2006 was a good year for books indeed. Most essential is probably McCarthy’s The Road, the epitome of the harrowing post-apocalyptic novel, which takes so many risks, not least in its language, and cuts to the marrow.

Also recommended: Fun Home, Alison Bechdel; The Children’s Hospital, Chris Adrian; Black Swan Green, David Mitchell; In Persuasion Nation, George Saunders; The Book Thief, Markus Zusak; Twilight of the Superheroes, Deborah Eisenberg

2007 – The Brief Wondrous Life of Oscar Wao , Junot Díaz

This book has been anointed with many prizes, but not without good reason. Díaz has one of the strongest voices in contemporary fiction, a rough-edged one, a slightly slick one, an essential one. All that aside, this is a great story (or set of stories) with a cast of characters you won’t forget this century.

Also recommended: The Yiddish Policemen’s Union, Michael Chabon; Tree of Smoke, Denis Johnson

2008 – Dangerous Laughter , Steven Millhauser

Millhauser’s collection is a relative sleeper, which is why it makes the list. Millhauser is beloved by many writers and readers, but he should really be more of a household name, in particular for his stories, which are restrained and glistening explorations of strangeness, each one wilder and closer to home than the last.

Also recommended: Netherland, Joseph O’Neill; Unaccustomed Earth, Jhumpa Lahiri

2009 – Lit: A Memoir , Mary Karr

The always excellent Mary Karr’s latest work is both a memoir and a deconstruction of the memoir, a master class in the form. That aside, Karr’s voice is what makes her work so particularly wonderful: acerbic and matter-of-fact, but deeply felt, honest, humble, a brilliant mind at work behind a smart aleck’s grin.

Also recommended: Everything Ravaged, Everything Burned, Wells Tower; Chronic City, Jonathan Lethem

2010 – A Visit From the Goon Squad , Jennifer Egan

Egan’s most recent novel won the Pulitzer, the National Book Critics Circle Award, and a host of gushing accolades from just about everybody with two working eyes. Concerned with past and future, self-destruction and self-creation, family and self, and, of course, Powerpoint, it’s a pretty good candidate for the Great American Novel of the 21st century.
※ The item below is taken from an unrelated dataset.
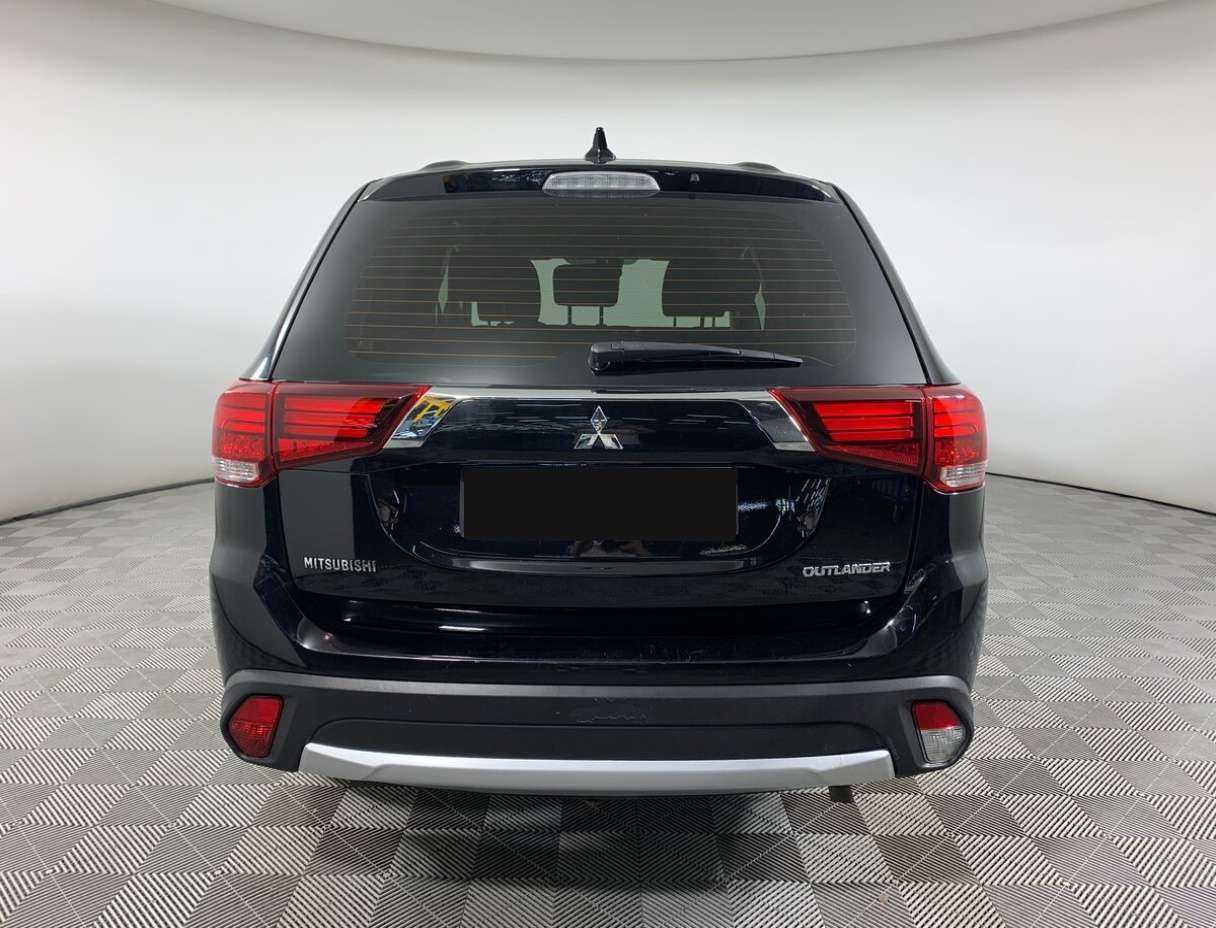 Mitsubishi Outlander б/у, 2018, Вариатор. Фото: #5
Also recommended: Point Omega, Don DeLillo; Freedom, Jonathan Franzen; The Ask, Sam Lipsyte; How to Read the Air, Dinaw Mengest; The Thousand Autumns of Jacob de Zoet, David Mitchell; Super Sad True Love Story, Gary Shteyngart; Half Empty, David Rakoff

2011 – Pulphead , John Jeremiah Sullivan

Pulphead is one of the most perfect essay collections to be published in recent memory. You’ll laugh, you’ll cry, you’ll marvel at Sullivan’s brilliance and verve, at the mundanity and insanity of the secrets he uncovers.

Also recommended: The Sense of an Ending, Julian Barnes; Swamplandia!, Karen Russell; The Art of Fielding, Chad Harbach; Pym, Mat Johnson; The Tiger’s Wife, Téa Obreht; Stone Arabia, Dana Spiotta

2012 – Building Stories , Chris Ware

Ware’s Building Stories was a sensation last year, and with good reason. As the physicality of the book is changing, it’s important to celebrate the writers who push at the boundaries of what’s possible, what’s satisfying, what makes a good story. Ware has always done so, and never more than in this overgrown, epic graphic novel.

Also recommended: Bring Up the Bodies, Hilary Mantel; Wild, Cheryl Strayed; The Round House, Louise Erdich

2013 – The Flamethrowers , Rachel Kushner

It’s hard to tell which contemporary novels will stand the test of time and which will be forgotten by this time next year, but Kushner’s The Flamethrowers, with its fiery prose and breadth of purpose, is a solid bet. At the very least, it’s this reader’s favorite novel so far this year.